`dawm`

Portable high-speed DOM parser for HTML/XML written in Rust,
paired with a subset of DOM APIs implemented in TypeScript, suitable
for use in any ES2015+ JavaScript runtime with WebAssembly support.

Introduction

dawm is a headless DOM toolkit for parsing, traversing, manipulating, and serializing HTML/SVG/XML documents in server-side / serverless / edge environments. Its hybrid codebase couples a high-speed DOM parser written in Rust with TypeScript implementations of many of the standard Document Object Model (DOM) APIs.

The overall developer experience with dawm is uncannily familiar for anyone with frontend development experience, making it adoptable by a vast majority of developers with minimal friction and virtually zero overhead.

Install

deno add npm:dawm

pnpm add dawm

yarn add dawm

bun add dawm

npm i dawm

Usage

import { parseHTML, type ParseOptions } from "dawm";
import assert from "node:assert";

const options = {
  allowScripts: false, // preserves <noscript> hierarchy (default: false)
  contentType: "text/html", // use "application/xml" for XML parsing
  exactErrors: false, // default error handling mode
  quirksMode: "no-quirks", // default quirks mode
  dropDoctype: false, // strip doctype from output? (default: false)
  iframeSrcdoc: false, // set to true when parsing iframe srcdoc content
  contextElement: null, // default context element name (for fragments)
} satisfies ParseOptions;

// The `parseHTML` function is also available via standard DOM APIs:
// - `DOMParser.parseFromString(string, "text/html")`
// - `Document.parseHTML(string, options)`
const doc = parseHTML(
  "<!doctype html><html><body><h1>Hello, world!</h1></body></html>",
  options,
);

const h1 = doc.body.firstElementChild;
assert.strictEqual(h1?.tagName, "H1");
assert.strictEqual(h1.textContent, "Hello, world!");
assert.strictEqual(h1.parentNode, doc.body);

Overview

The dawm project is ideal for use in server-side and edge compute scenarios where performance and portability are paramount. Whether you're building an SSR framework, a web scraper, or simply need a way to run unit tests for frontend code without needing a full-blown DOM implementation like JSDOM, dawm is up to any task you can throw at it.

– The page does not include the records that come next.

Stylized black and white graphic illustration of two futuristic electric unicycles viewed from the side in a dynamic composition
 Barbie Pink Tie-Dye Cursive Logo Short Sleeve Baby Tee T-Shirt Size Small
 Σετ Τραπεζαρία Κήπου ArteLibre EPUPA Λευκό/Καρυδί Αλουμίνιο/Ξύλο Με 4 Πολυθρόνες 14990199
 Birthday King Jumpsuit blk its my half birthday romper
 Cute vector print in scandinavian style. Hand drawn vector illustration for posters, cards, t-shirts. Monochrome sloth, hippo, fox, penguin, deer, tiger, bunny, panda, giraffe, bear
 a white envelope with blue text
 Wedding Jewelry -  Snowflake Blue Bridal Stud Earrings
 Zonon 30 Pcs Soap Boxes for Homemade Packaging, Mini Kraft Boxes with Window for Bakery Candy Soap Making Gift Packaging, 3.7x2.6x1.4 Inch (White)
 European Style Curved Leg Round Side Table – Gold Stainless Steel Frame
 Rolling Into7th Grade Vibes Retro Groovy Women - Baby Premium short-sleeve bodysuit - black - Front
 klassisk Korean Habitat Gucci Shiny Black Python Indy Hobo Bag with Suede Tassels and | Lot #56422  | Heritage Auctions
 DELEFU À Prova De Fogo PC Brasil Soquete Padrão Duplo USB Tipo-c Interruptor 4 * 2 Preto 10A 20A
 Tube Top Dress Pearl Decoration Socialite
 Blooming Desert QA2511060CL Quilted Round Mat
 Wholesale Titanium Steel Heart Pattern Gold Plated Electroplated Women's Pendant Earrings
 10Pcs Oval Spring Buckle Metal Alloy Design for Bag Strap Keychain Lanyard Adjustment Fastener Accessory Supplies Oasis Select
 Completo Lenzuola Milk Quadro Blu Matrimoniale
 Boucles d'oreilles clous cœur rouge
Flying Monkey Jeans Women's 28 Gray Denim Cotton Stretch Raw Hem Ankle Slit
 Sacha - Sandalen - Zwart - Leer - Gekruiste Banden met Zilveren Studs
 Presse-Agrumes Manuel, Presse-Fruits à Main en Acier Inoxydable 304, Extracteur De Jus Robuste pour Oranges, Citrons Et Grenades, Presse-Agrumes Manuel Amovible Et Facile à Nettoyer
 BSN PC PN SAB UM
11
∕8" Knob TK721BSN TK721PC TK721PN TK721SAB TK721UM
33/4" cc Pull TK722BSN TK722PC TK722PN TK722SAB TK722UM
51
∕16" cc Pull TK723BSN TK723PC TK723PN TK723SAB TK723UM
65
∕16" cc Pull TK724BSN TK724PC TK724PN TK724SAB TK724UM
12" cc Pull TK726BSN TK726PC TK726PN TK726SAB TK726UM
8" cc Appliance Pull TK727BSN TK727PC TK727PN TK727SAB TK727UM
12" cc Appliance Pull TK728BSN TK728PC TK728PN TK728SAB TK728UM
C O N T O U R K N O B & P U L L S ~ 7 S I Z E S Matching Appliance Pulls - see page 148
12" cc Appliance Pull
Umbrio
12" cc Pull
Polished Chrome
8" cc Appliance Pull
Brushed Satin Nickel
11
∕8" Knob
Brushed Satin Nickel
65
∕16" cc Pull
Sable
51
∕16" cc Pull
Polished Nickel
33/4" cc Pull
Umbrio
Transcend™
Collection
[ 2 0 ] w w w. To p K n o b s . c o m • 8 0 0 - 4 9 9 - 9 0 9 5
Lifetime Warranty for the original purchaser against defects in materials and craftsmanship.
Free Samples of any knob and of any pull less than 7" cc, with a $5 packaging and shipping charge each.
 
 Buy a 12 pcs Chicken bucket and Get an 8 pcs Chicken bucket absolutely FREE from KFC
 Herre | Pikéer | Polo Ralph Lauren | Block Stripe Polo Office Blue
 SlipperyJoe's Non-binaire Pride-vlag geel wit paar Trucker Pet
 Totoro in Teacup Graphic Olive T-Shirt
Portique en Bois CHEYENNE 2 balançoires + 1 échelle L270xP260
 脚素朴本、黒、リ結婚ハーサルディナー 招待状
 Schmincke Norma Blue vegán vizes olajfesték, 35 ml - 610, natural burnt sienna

Purpose-built for intensive data processing tasks in server-side and edge compute scenarios, dawm is designed to be fast: both in the literal sense of its performance, and in terms of how quickly it can be adopted and integrated into your workflows.

Features

Familiar API Surface

Featuring TypeScript implementations of familiar DOM APIs like Document, Element, and Attr, this package provides a familiar developer experience with minimal learning curve.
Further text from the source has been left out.